Tribunal administratif de Nantes, du 16 décembre 1997, 96-2308, mentionné aux tables du recueil Lebon
Texte intégral
Tribunal administratif de Nantes
N° 96-2308
Mentionné dans les tables du recueil Lebon
Lecture du mardi 16 décembre 1997
Président
M. Beyssac
Rapporteur
Mme Magnier
Commissaire du gouvernement
M. Perez
RÉPUBLIQUE FRANCAISE
AU NOM DU PEUPLE FRANCAIS
Analyse
CETAT135-01-06-01 COLLECTIVITES TERRITORIALES - DISPOSITIONS GENERALES - DISPOSITIONS ECONOMIQUES - AIDES -Intervention destinée au maintien d'un service nécessaire en milieu rural - Existence - Salon de coiffure.

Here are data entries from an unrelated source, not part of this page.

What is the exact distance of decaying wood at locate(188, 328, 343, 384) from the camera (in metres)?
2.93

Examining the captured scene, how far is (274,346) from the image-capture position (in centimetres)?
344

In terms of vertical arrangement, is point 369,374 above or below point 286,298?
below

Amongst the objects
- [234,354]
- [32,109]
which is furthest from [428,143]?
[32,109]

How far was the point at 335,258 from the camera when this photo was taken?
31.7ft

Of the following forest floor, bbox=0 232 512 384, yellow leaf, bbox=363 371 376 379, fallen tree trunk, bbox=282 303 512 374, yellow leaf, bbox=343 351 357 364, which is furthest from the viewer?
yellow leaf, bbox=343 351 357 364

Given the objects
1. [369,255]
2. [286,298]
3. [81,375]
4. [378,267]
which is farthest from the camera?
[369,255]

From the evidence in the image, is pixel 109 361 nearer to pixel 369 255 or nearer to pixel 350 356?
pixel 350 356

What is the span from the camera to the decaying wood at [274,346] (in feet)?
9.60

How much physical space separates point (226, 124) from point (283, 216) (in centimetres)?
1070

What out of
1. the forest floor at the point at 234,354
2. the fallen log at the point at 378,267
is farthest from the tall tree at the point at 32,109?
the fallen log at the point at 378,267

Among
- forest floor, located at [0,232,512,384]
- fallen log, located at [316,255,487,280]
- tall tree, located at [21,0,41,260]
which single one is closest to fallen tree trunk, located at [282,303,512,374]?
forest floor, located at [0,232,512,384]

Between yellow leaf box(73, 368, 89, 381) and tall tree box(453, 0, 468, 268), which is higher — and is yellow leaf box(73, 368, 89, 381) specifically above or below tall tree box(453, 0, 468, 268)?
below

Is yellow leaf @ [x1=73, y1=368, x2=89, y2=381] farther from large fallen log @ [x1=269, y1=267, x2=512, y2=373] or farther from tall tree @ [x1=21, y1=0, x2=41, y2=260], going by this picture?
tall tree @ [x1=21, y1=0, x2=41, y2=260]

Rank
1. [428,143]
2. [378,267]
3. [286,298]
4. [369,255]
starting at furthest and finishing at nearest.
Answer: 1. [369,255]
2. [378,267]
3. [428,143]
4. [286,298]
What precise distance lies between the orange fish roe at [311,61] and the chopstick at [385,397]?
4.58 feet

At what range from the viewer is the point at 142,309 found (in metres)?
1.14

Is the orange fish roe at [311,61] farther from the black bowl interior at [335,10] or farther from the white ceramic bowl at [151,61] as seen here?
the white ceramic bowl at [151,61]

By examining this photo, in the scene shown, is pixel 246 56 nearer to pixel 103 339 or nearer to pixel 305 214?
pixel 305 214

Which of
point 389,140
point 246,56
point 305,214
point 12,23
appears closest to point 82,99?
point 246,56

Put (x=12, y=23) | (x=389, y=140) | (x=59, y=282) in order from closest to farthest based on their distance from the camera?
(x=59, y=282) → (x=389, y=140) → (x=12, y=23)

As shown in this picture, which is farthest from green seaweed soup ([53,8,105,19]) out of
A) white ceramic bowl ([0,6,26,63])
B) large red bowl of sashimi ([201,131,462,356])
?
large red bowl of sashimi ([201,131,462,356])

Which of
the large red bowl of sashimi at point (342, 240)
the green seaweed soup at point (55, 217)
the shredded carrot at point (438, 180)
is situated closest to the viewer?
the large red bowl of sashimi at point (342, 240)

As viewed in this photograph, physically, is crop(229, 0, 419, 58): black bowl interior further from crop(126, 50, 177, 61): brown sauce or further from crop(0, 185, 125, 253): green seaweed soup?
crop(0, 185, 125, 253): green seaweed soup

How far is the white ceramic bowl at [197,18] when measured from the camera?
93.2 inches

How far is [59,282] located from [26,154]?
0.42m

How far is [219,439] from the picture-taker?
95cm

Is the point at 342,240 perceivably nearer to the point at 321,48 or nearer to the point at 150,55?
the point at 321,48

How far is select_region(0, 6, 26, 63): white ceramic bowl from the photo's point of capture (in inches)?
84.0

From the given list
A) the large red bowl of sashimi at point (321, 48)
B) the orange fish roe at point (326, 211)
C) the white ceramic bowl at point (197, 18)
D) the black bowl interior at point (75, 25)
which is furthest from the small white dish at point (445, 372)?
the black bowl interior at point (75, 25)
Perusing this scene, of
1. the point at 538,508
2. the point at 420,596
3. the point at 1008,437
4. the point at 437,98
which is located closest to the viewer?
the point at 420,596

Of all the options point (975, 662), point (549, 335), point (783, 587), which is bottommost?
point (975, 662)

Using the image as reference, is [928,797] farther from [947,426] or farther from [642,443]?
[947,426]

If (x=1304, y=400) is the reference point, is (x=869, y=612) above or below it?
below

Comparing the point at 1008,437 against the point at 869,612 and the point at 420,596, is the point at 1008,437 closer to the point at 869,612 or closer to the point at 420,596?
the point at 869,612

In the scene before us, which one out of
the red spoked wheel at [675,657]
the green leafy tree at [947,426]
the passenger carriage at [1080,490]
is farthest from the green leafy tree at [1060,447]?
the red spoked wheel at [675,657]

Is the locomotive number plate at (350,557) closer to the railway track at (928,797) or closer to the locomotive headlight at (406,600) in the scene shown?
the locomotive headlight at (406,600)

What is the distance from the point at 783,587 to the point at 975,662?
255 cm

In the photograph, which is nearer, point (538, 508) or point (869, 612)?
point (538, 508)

CETAT135-02-01-02-01-03-04 COLLECTIVITES TERRITORIALES - COMMUNE - ORGANISATION DE LA COMMUNE - ORGANES DE LA COMMUNE - CONSEIL MUNICIPAL - DELIBERATIONS - PARTICIPATION D'UN CONSEILLER MUNICIPAL INTERESSE -a) Existence - Conseiller municipal beau-père de la bénéficiaire d'une aide de la commune au maintien d'une activité privée nécessaire en milieu rural (article L. 2251-3 du CGCT) - b) Influence sur l'adoption de la délibération - Absence en l'espèce.
CETAT135-02-03-04-01 COLLECTIVITES TERRITORIALES - COMMUNE - ATTRIBUTIONS - INTERVENTIONS ECONOMIQUES - AIDES DIRECTES ET INDIRECTES -Intervention destinée au maintien d'un service nécessaire en milieu rural - Existence - Salon de coiffure.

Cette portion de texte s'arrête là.